1KP file-naming conventions


In most instances we sequenced only one tissue sample per species. But for those few species where we sequenced more than one tissue, a “combined sample” is created by pooling of all of the read-pairs for that species. A similar thing was done when, for whatever reason, we happened to sequence the same species and tissue more than once. The resultant data sets are given names like ZCUA-Flaveria_trinervia-2_samples_combined, indicating, in this instance, a pool of the two samples named HRVY-Flaveria_trinervia-mature_leaf and RLCS-Flaveria_trinervia-juvenile_leaf.

Altogether, we sequenced 1345 samples (from 1174 species), and if we include the 111 combined directories, there are 1456 assemblies. Given that we do not correct the species names until publication, we are maintaining another website to track all known naming problems, as well as possible contamination issues.

A handful of samples are considered "failures" because too few scaffolds are produced upon assembly. These are retained in our data directories, in case someone should find them useful, but the paucity of scaffolds is noted on the website.


All assembled scaffolds longer than 300 bp were queried against all NCBI RefSeq plant sequences (Release 54, July 2012) using BLASTX. The best matching protein coding genes were used to generate GeneWise translations using a modified TransPipes pipeline (described here). Inferred amino acid sequences can be found in the assembly directory for each taxon (CODE-SOAPdenovo-Trans-translated.tar.bz2). Translated assembly names match the nucleotide assemblies from which they are derived.

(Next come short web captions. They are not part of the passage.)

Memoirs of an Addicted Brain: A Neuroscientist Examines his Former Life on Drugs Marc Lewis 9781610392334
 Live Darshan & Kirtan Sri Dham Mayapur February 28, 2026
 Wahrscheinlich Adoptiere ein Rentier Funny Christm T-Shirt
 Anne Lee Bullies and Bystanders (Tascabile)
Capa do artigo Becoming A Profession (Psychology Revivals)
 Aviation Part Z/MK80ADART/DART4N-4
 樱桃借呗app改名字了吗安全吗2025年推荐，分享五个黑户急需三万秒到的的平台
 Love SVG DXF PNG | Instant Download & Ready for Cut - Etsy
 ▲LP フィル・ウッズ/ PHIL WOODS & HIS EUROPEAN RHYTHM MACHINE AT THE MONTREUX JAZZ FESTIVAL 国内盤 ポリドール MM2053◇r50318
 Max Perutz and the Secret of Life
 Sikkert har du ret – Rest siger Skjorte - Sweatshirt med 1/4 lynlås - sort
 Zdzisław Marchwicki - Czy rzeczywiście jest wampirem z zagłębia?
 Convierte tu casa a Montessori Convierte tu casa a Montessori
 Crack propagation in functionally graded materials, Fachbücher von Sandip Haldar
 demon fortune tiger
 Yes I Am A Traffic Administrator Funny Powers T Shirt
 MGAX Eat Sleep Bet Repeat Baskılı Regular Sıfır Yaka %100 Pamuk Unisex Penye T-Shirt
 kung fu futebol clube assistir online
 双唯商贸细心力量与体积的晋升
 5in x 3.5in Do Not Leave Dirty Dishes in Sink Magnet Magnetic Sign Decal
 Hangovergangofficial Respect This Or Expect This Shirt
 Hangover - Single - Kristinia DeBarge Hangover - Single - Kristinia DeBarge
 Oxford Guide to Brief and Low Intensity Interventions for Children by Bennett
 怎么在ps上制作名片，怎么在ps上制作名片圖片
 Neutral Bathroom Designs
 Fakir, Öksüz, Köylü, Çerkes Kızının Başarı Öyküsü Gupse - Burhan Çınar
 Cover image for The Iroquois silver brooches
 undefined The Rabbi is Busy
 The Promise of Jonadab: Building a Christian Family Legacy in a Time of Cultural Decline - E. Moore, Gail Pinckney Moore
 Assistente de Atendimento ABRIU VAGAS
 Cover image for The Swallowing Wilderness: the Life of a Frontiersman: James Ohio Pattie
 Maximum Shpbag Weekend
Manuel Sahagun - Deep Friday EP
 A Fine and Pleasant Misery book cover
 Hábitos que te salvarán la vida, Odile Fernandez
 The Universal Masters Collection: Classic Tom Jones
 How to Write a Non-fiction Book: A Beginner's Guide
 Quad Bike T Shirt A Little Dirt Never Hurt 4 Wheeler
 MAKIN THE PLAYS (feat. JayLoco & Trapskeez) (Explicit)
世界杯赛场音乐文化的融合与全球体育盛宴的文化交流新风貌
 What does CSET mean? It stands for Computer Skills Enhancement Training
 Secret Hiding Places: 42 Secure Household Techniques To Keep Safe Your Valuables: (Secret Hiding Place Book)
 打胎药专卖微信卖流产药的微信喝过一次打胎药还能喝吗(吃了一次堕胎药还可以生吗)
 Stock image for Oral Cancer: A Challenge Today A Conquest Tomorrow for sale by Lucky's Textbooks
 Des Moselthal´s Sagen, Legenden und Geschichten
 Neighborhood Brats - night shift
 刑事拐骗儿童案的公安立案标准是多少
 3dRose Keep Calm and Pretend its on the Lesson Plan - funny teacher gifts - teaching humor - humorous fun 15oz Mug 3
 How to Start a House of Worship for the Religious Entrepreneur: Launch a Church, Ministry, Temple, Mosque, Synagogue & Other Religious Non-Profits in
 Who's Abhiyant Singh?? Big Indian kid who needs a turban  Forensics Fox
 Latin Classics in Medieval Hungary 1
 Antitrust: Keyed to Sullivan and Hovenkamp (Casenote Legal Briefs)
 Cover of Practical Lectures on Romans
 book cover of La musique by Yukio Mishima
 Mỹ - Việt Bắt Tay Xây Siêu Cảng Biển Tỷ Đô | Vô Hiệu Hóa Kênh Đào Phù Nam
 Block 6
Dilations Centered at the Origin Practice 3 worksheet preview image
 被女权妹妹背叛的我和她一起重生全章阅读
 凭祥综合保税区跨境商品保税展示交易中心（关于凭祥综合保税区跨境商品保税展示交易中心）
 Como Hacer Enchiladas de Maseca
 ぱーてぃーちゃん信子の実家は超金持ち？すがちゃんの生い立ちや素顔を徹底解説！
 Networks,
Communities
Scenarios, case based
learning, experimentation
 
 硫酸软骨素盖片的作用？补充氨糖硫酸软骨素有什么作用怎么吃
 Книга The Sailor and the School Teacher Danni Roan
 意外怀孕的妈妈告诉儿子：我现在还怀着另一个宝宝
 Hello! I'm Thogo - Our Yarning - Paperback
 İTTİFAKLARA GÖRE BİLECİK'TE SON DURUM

Unfortunately, the pipeline relabels entries in the fasta using 0, 1, 2, 3...  Because the original SOAPdenovo-Trans assembly output is numbered 2000001, 2000002,... (i.e. from one) the obvious conversion between the two sets of numbers is in error by one.  For example, scaffold-DFYF-2008707-Ilex_sp. corresponds to 8706 not 8707 is this tar file.

This issue is not repeated for the orthogroup analysis, which labels sequences using the original seven digit numbers.